Saudi Arabia Beheads a Member of the Royal Family: Justice for All, Atrociously

On October 18, 2016, Saudi Arabia executed a member of the royal family for committing murder during a brawl. Prince Turki bin Saud bin Turki bin Saud al-Kabeer was put to death most likely by beheading in a public square—as this was the usual method at the time. As horrific as such an execution is, the point that law applies to everyone is laudable—especially “on point” for countries in which the rich can “get away with murder” by hiring the best (and most expensive) lawyers.  The atrocious means of execution coupled with the dictum that the law really does apply to everyone renders this case particularly difficult to analyze from an ethical perspective.

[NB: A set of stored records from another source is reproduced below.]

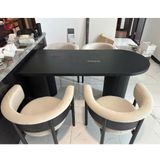  BAC-180 Bộ bàn ăn 4 ghế Side 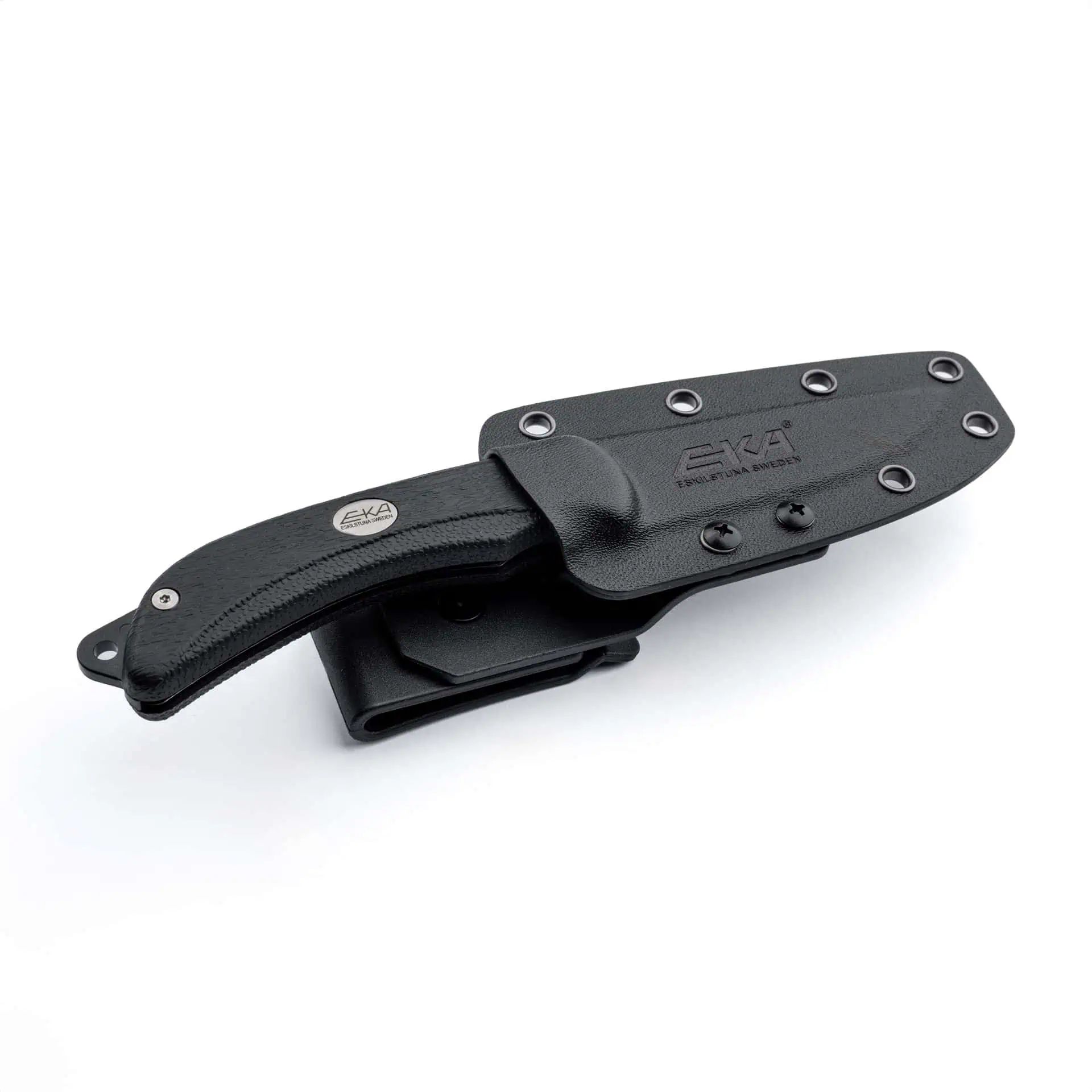 Cuțit EKA SwedBlade G5 - Cuțit de vânătoare cu lamă comutabilă, ambalaj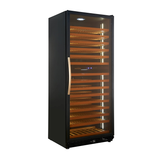 Eurodib Wine Cooler, 306 Bottles, 33'' Wide, Dual Zone – USF328D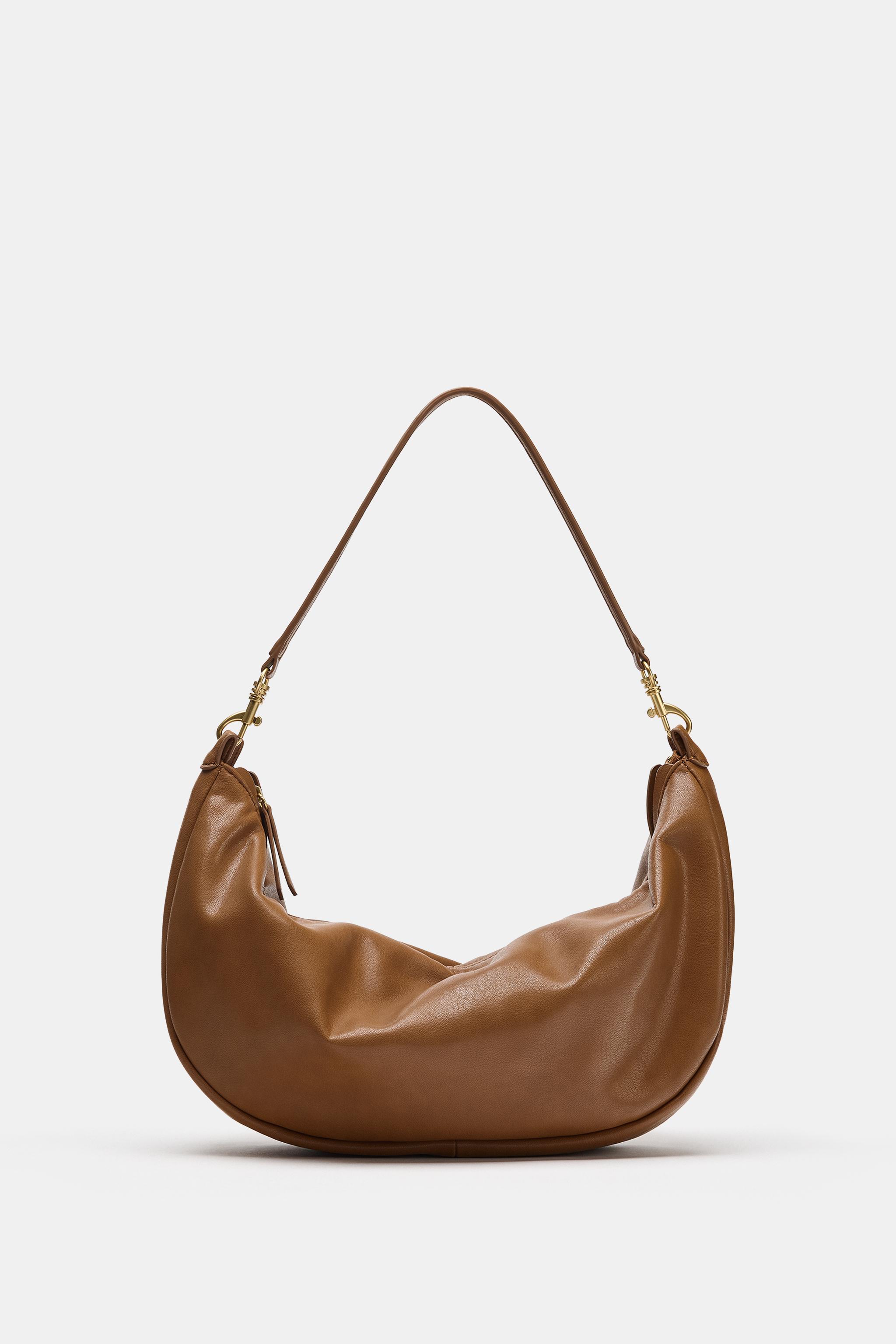 OVAL SHOULDER BAG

“The greatest thing is that the citizen sees the law applied to everyone, and that there are not big people and other small people,” Abdul-Rahman al-Lahim, a prominent Saudi lawyer wrote.[1] In other words, the verdict and sentence sent the message that no one is above the law. To be sure, thousands of people are in the Saudi royal family enjoying perks not available to the rest of Saudi Arabia’s 20 million people; yet that the member executed was from a prestigious arm of the family sufficiently makes the point that no one is above the law.

This lesson is a valuable one for the United States, as financiers got away with fraudulently mislabeling the risk of sub-prime mortgage-based bonds before the financial crisis of 2008. Yet, interestingly, the Saudis could look to the United States for a lesson on how to execute people humanely. I submit that this combination of lessons demonstrates that a country can be very ethical in one sense yet abysmal in another. This point in turn impedes claims that some countries are more humane, or advanced ethically, than others. Within a culture, insistence on justice in one sense can coexist with toleration for injustice in another sense. Put another way, the human mind seems able to compartmentalize justice, without realizing the cognitive dissidence involved.



1. Ben Hubbard, “Saudi Prince Is Executed for Murder,” The New York Times, October 19, 2016.